I was raised within the love and protection of a community of hearty, salt-of-the-earth farmers. Their lives were dedicated to raising families and raising crops. Very simple needs, even simpler desires. I often have reminisced that we were the prototype for the “Waltons” of television fame. Indeed, it is true. My extended family of great-grandparents, grandparents, mother and two aunts lived in an early 1900s house with 9 upstairs rooms which could be used as bedrooms when necessary. During the years previous to my arrival in 1947, the household consisted of numerous children and a full live-in housekeeping staff plus an assortment of farm-hands. During the harvest season Mammy (my great-grandmother) assisted by her daughters prepared a lunch table groaning with several meats, 2 or 3 potato dishes, vegetables fresh from the garden and at least 4 pies for dessert. They fed 6 to 12 hungry men. As was customary, the women folk ate after the men had finished.

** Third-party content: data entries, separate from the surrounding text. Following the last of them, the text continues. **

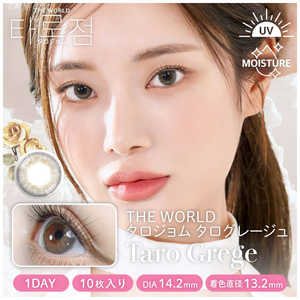 アイレ (度あり/-2.50) THE WORLD タロジョム タログレージュ (BC8.6/PWR-2.50/DIA14.2) 10枚入 カラコン 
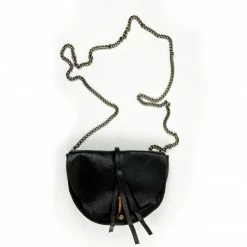 Jo Wire Saddle Crossbody: Espresso Black Bags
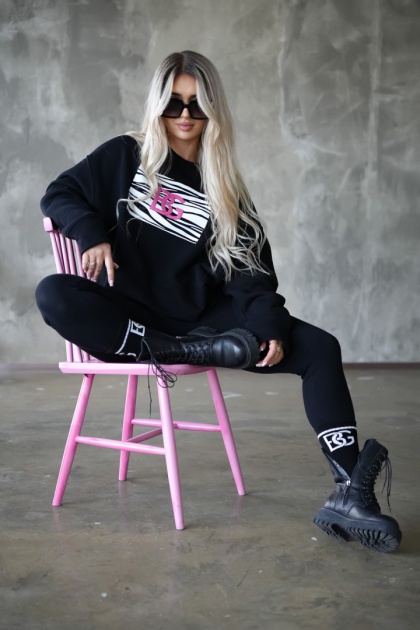 Bluza ICON czarna BRANDENBURG COUTURE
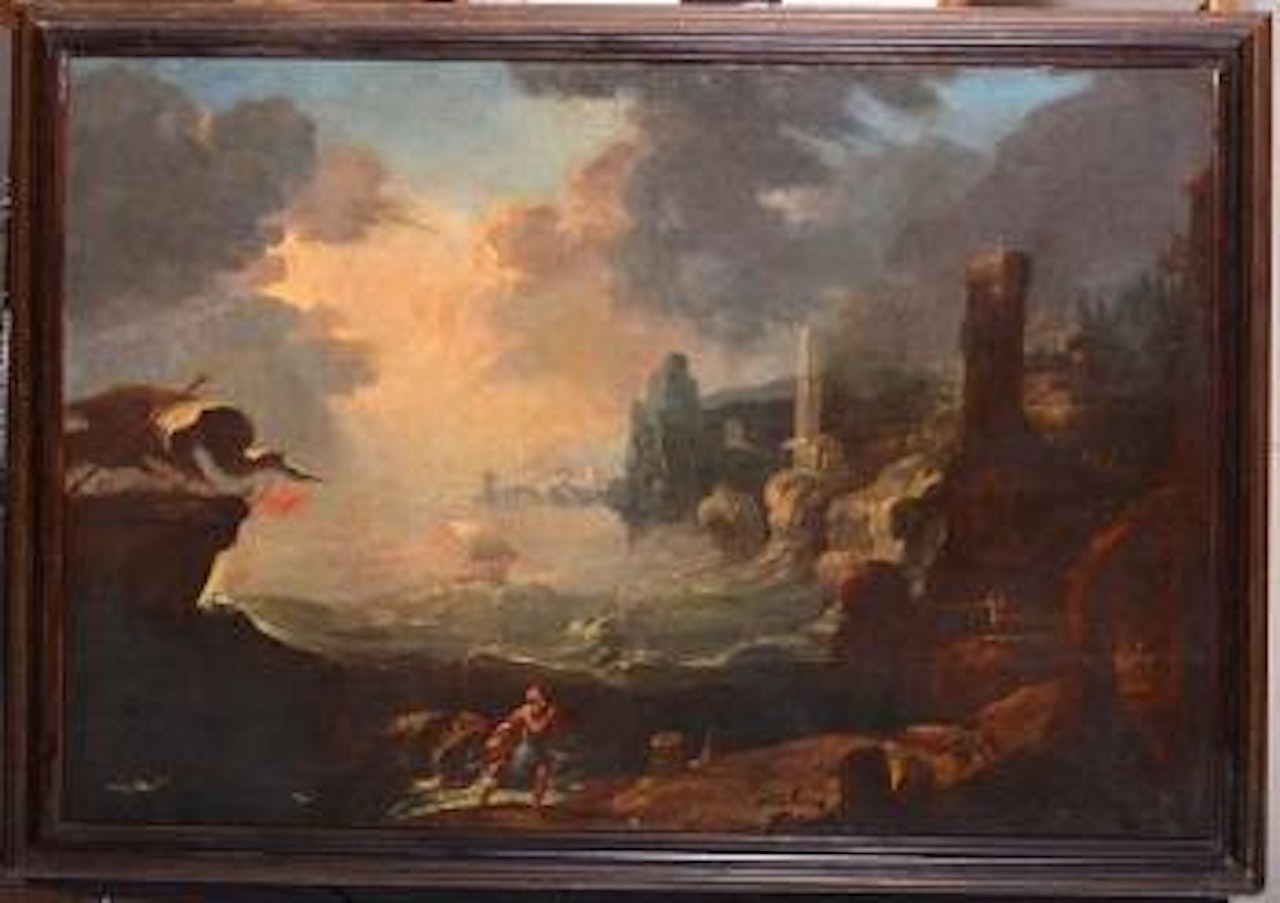 Paesaggio con Giona e la Balena by Italian School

But it was a hard life. I was earning a wage by the time I was 12 years old, had after-school chores, and during the summer worked long days in the fields as well as helping to tend the cattle, pigs, and chickens. It was a very hard life. I determined early in my youth that I was not going to be a farmer. When my friends from town came to visit they were awed by my lifestyle. I, on the other hand, was envious of their freedom to join social groups and participate in extracurricular school activities. They enjoyed the farm chores which to me were onerous.
Church attendance was mandatory. Through the eyes and ears of this thirteen year-old, the preaching was ominous and the threats of a punishing God were overwhelming. I finally accepted that anything which felt good was probably a sin. When I turned sixteen I was no longer required to attend services or participate in my family’s religious tradition. When I turned seventeen, one of my multiple addictions had already consumed much of my life and another two, smoking and drinking, kicked in with a vengeance. By nineteen I was fully controlled by substance and behavior addictions.
My grandfather, who raised me as his own son, offered me his farm. I ridiculed the offer saying that no way in hell was I going to be a farmer. Fifty-two years later I am still haunted by the look of rejection on his face. We never recovered that father-son relationship. My last remembrances of him are of a sickly man sitting in his favorite chair which offered a view of the highway. Reading his Bible he would look up to see who was driving by. Sometimes it would be the community’s undertaker, a solemn man named Lawrence. Looking at me with his clear blue eyes, Grandpa would quip in his Dutch accent, “Well, maybe next time Lawrence will be coming for me.”
I had an idyllic upbringing and a wonderfully simple life surrounded by people who loved me. But, I thought something was missing. I thought that those city folks living in the midst of glitz and excitement were offering a dream which my community and my family’s traditions could never provide. And at age nineteen I chased after that dream.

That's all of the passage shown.